Top of Given data

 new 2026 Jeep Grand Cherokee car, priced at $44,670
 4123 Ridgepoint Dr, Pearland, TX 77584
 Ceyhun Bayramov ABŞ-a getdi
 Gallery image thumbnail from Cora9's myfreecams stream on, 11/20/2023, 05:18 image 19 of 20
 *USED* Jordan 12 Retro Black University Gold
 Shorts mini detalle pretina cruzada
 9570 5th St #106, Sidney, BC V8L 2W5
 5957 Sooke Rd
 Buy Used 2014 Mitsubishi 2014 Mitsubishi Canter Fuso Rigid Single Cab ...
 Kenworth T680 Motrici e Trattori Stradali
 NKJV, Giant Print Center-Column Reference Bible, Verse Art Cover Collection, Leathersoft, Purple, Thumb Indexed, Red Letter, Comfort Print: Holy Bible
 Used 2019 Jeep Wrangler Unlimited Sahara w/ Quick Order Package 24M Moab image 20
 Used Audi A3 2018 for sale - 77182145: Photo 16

Bottom of Given data

— Aim of the exercise —
Write out, word for word, the line that contains "Gallery image thumbnail" and every line after it through the last line of the listing.

— Response —
 Gallery image thumbnail from Cora9's myfreecams stream on, 11/20/2023, 05:18 image 19 of 20
 *USED* Jordan 12 Retro Black University Gold
 Shorts mini detalle pretina cruzada
 9570 5th St #106, Sidney, BC V8L 2W5
 5957 Sooke Rd
 Buy Used 2014 Mitsubishi 2014 Mitsubishi Canter Fuso Rigid Single Cab ...
 Kenworth T680 Motrici e Trattori Stradali
 NKJV, Giant Print Center-Column Reference Bible, Verse Art Cover Collection, Leathersoft, Purple, Thumb Indexed, Red Letter, Comfort Print: Holy Bible
 Used 2019 Jeep Wrangler Unlimited Sahara w/ Quick Order Package 24M Moab image 20
 Used Audi A3 2018 for sale - 77182145: Photo 16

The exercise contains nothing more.